*** Opening of Data for processing ***

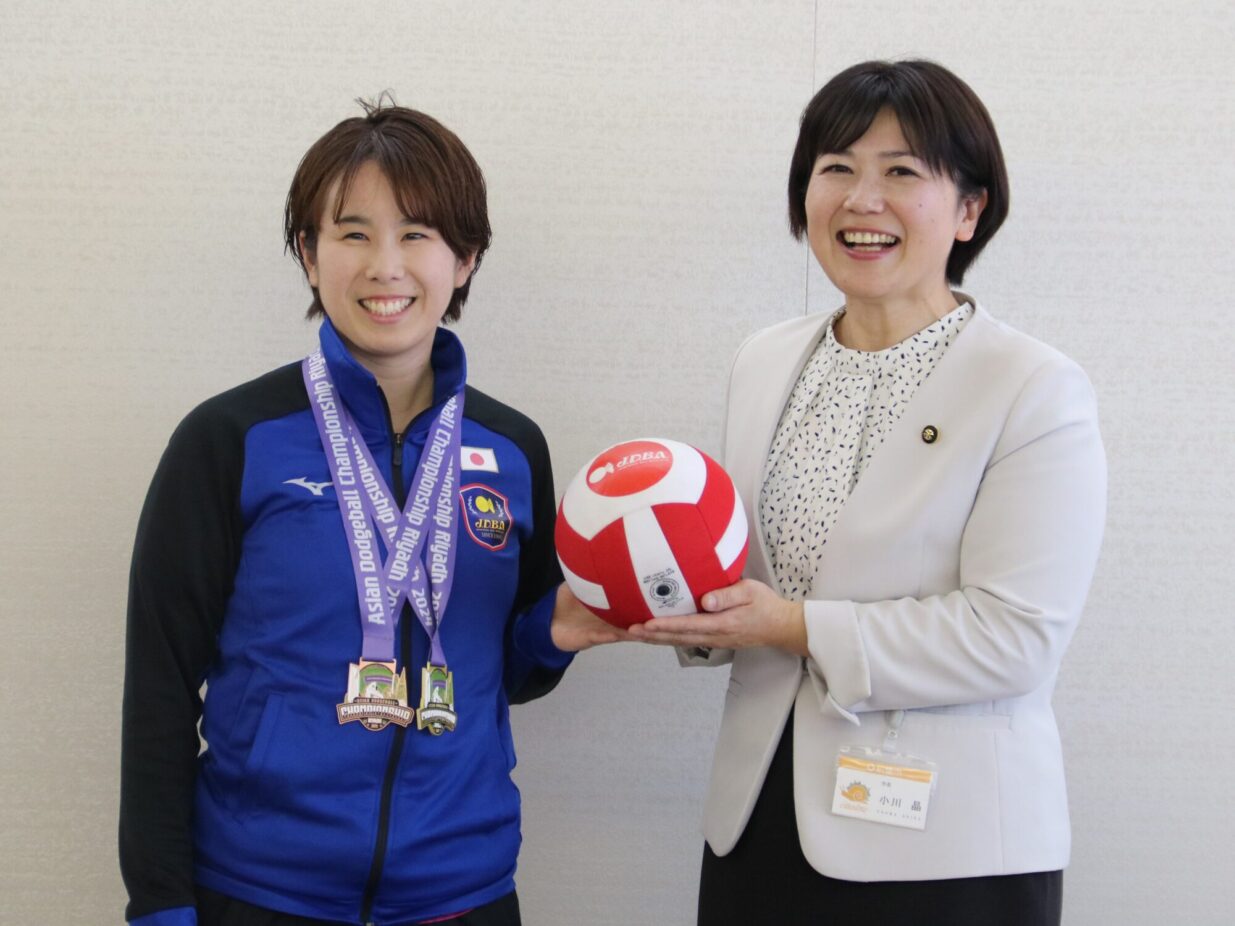 ドッジボールで世界一を
女子日本代表副主将の森さん
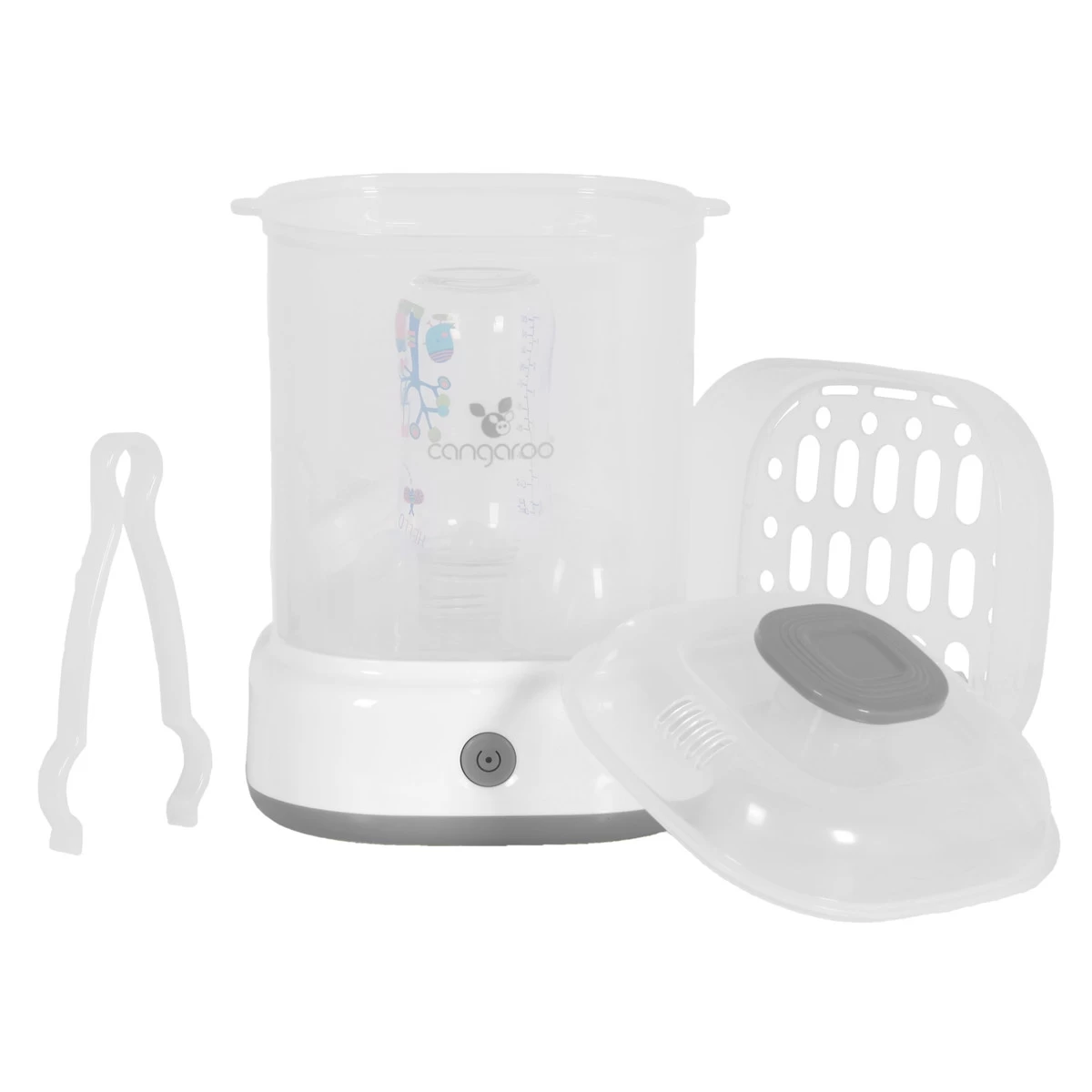Cangaroo Presto Grijs Flessensterilisator 109534 3 Cangaroo Presto Grijs Flessensterilisator 109534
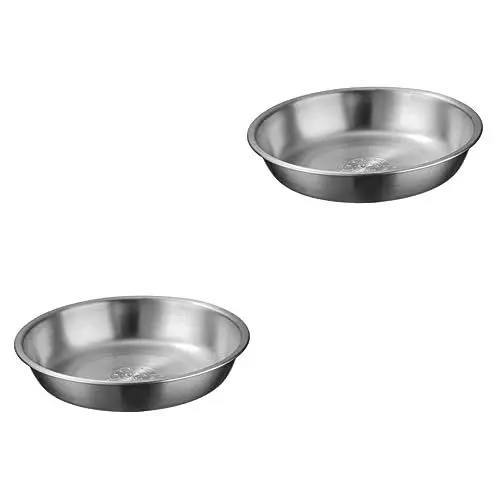 Produktbild: FELTECHELECTR 2 Stücke Einfache Becken Multi-funktionale Edelstahl Suppe Schüssel Küche Gadget Kompakte Lagerung Silber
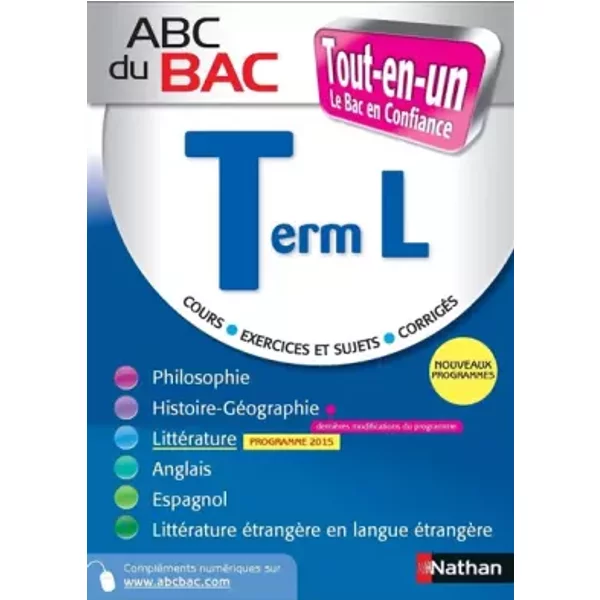 Abc Du Bac Tout-En-Un Term L - Michel Cardin, Alain Rajot, Guillaume Gicquel, Evelyne Pons Soumah, StéPhane David-image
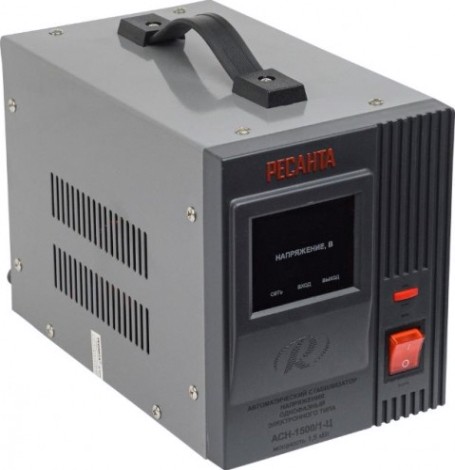 Стабилизатор напряжения однофазный Ресанта АСН- 1500/1-Ц [63/6/3]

*** Close of Data for processing ***

Work required » Exact copies of all the entries are needed; output them without the pictures.

Reply »
 ドッジボールで世界一を
女子日本代表副主将の森さん
Cangaroo Presto Grijs Flessensterilisator 109534 3 Cangaroo Presto Grijs Flessensterilisator 109534
 Produktbild: FELTECHELECTR 2 Stücke Einfache Becken Multi-funktionale Edelstahl Suppe Schüssel Küche Gadget Kompakte Lagerung Silber
 Abc Du Bac Tout-En-Un Term L - Michel Cardin, Alain Rajot, Guillaume Gicquel, Evelyne Pons Soumah, StéPhane David-image
 Стабилизатор напряжения однофазный Ресанта АСН- 1500/1-Ц [63/6/3]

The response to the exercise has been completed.